Vertex y-coordinate: $f(-2) = 3(-2)^2 + 12(-2) = 12 - 24 = -12$. The vertex is $V(-2, -12)$.
Vertex form: $y = 3(x+2)^2 - 12$.

EXAMPLE 6 (Polynomial with Imaginary Roots)

Let $y = 2x^2 - 8x + 14$.

We check the discriminant first: $\Delta = (-8)^2 - 4(2)(14) = 64 - 112 = -48$.
Since $\Delta < 0$, the quadratic has no real roots (the parabola floats above the x-axis). However, the property that the vertex lies at the midpoint of the roots remains universally true, even for imaginary roots!

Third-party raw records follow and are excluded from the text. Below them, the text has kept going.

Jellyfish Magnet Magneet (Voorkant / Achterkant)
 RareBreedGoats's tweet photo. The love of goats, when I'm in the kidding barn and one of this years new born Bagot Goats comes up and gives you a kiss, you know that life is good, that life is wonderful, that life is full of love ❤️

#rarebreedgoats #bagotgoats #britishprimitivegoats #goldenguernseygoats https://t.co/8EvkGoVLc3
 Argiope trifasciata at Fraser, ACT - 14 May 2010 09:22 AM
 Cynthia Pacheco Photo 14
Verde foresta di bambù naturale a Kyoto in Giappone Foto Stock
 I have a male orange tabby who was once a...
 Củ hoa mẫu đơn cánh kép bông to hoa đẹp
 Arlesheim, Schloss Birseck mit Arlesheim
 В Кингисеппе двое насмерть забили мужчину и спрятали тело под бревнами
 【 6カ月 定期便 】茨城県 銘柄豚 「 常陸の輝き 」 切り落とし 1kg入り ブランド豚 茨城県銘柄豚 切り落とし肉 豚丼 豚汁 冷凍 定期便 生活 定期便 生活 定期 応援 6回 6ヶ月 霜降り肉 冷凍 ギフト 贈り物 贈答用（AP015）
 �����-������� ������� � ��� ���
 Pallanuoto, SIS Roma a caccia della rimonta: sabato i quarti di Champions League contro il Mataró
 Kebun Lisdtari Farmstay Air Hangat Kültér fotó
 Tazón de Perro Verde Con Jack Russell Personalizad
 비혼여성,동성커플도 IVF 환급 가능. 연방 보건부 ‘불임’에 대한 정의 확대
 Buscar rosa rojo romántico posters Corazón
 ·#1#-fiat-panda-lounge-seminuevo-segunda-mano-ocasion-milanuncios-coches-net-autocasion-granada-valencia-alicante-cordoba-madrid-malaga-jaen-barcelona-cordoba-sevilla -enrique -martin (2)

Method 1: Midpoint of Imaginary Roots
The roots evaluate to $x = \frac{8 \pm \sqrt{-48}}{4} = \frac{8 \pm 4i\sqrt{3}}{4} = 2 \pm i\sqrt{3}$.
So, $r_1 = 2 + i\sqrt{3}$ and $r_2 = 2 - i\sqrt{3}$.
Averaging the roots: $x = \frac{r_1 + r_2}{2} = \frac{(2 + i\sqrt{3}) + (2 - i\sqrt{3})}{2} = \frac{4}{2} = 2$.
Method 2: Formula ($x = -b/2a$)
$x = -\frac{-8}{2(2)} = \frac{8}{4} = 2$.

Both methods yield the exact same x-coordinate for the vertex! Substituting $x=2$ back into the function: $y = 2(2)^2 - 8(2) + 14 = 8 - 16 + 14 = 6$.
The vertex is $V(2, 6)$, and the vertex form is $y = 2(x - 2)^2 + 6$.

5. Vieta Formulas

Given the quadratic $y = ax^2 + bx + c$ with real roots $r_1, r_2$:

Sum of roots (S): $S = r_1 + r_2 = -\frac{b}{a}$
Product of roots (P): $P = r_1 r_2 = \frac{c}{a}$

Conversely, knowing the sum and product constructs the base quadratic: $y = x^2 - Sx + P$.

EXAMPLE 7

For the function $y = 2x^2 - 12x + 10$, the roots are 1 and 5.

Sum: $S = -\frac{-12}{2} = 6$.
Product: $P = \frac{10}{2} = 5$.
Reconstructing: $x^2 - 6x + 5 = 0$, which scales up to the original $2x^2 - 12x + 10 = 0$.